__Available data__:

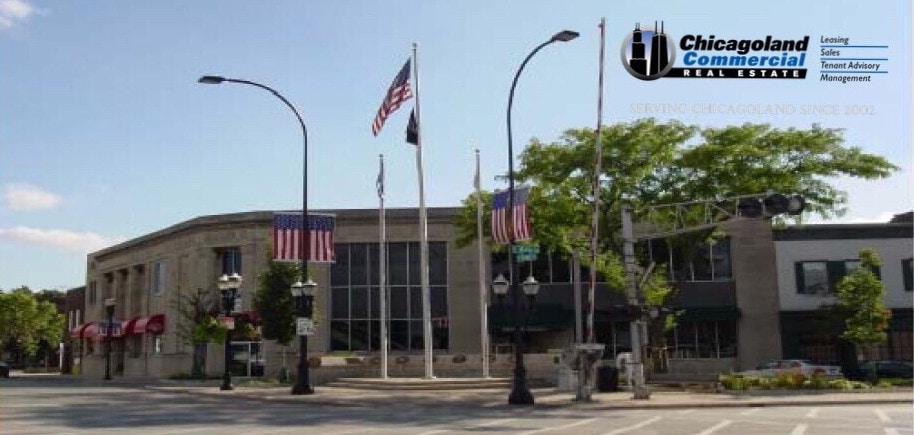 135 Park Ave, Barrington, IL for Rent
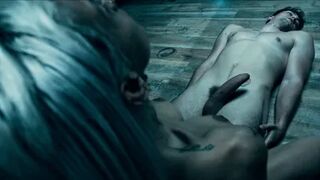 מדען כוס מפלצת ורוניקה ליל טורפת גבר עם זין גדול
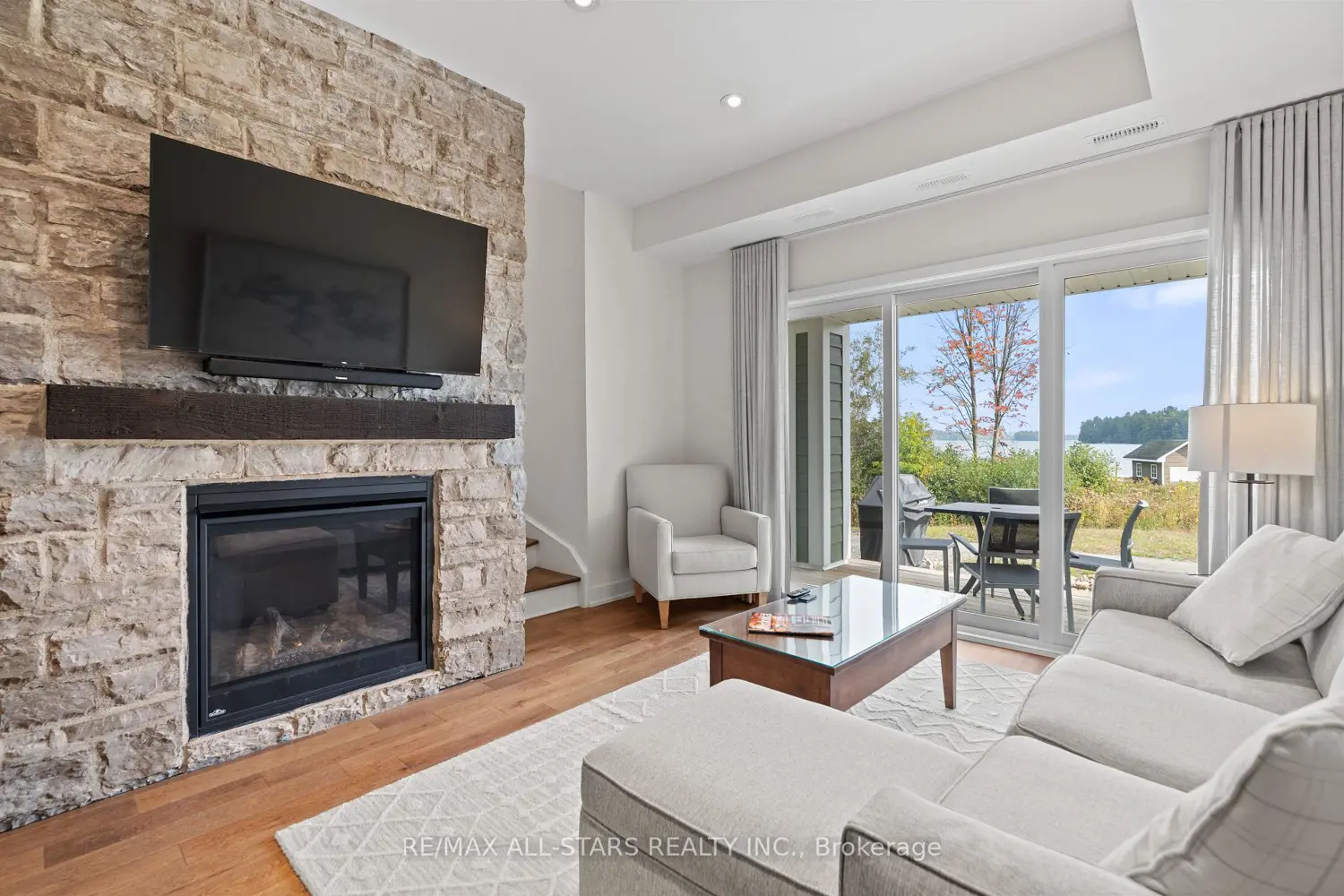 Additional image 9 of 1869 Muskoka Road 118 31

==

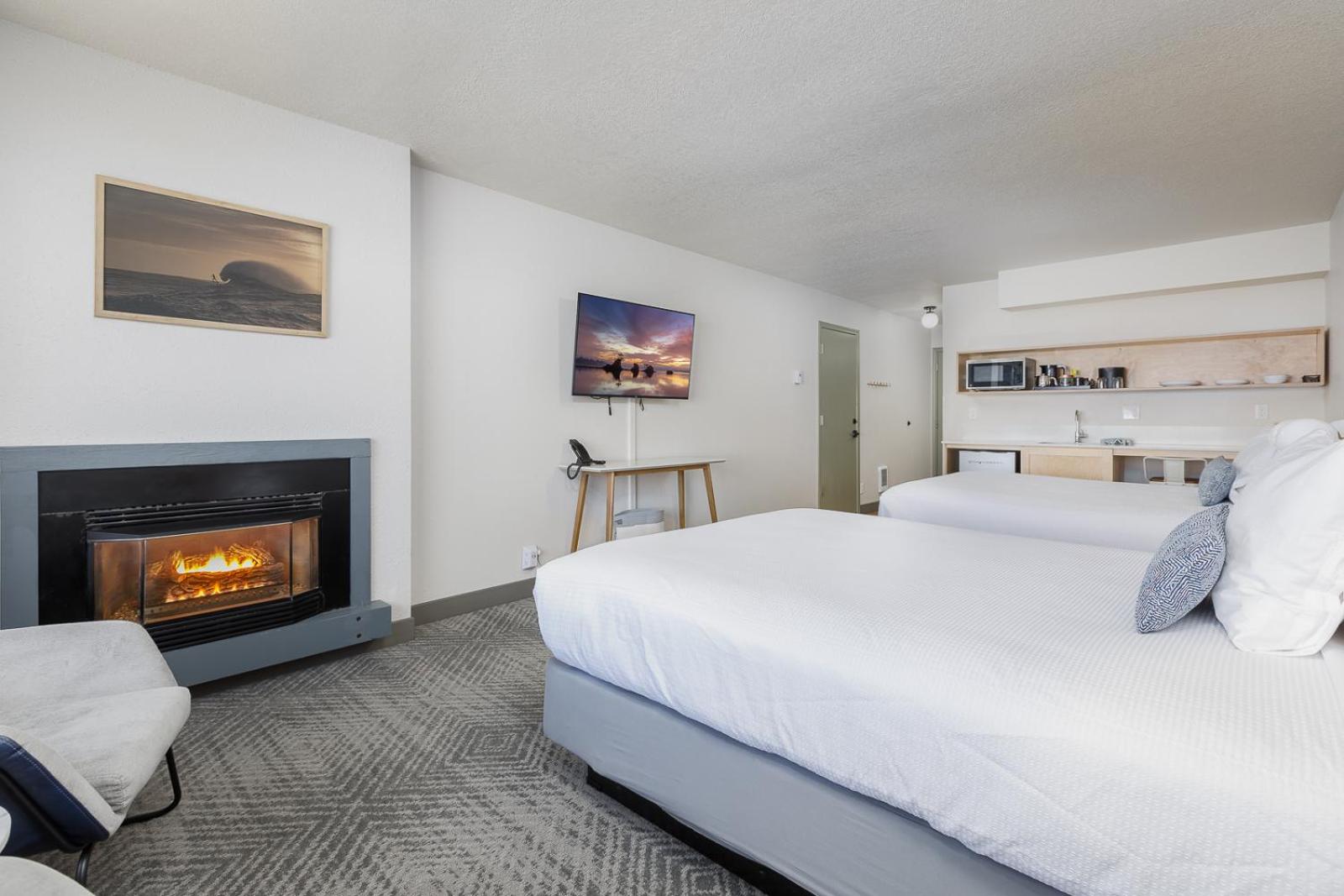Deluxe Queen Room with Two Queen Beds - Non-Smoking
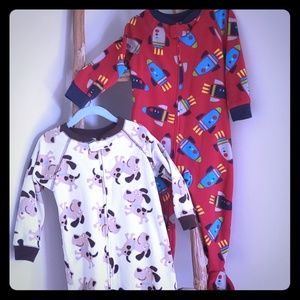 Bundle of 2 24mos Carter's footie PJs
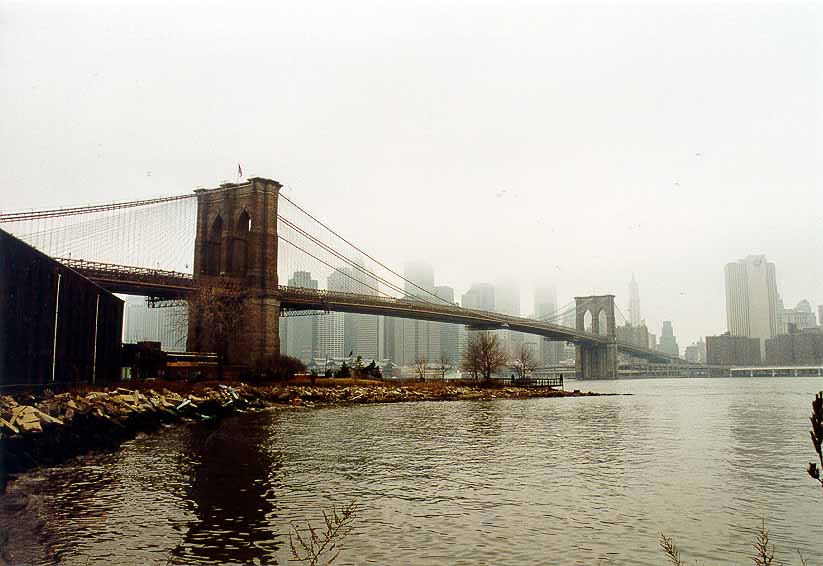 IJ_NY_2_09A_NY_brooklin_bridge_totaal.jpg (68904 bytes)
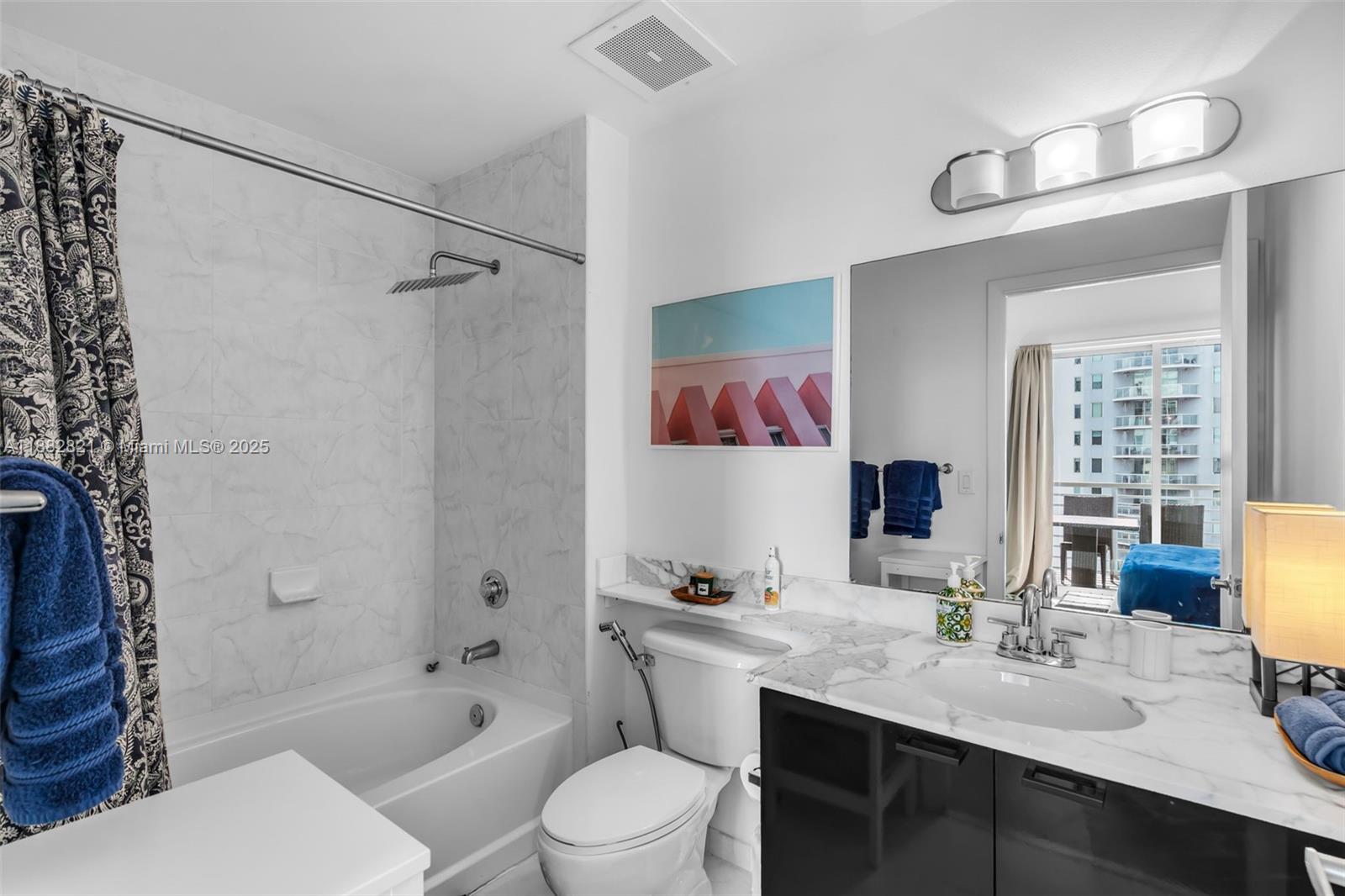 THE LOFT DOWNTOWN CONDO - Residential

__Work instruction__: Pictures excluded, give again exactly and only the lines of the material above from the line with "IJ_NY_2_09A_NY_brooklin_bridge_totaal.jpg (68904 bytes)" through the line with "THE LOFT DOWNTOWN CONDO - Residential".

__Result of this exercise__:
 IJ_NY_2_09A_NY_brooklin_bridge_totaal.jpg (68904 bytes)
 THE LOFT DOWNTOWN CONDO - Residential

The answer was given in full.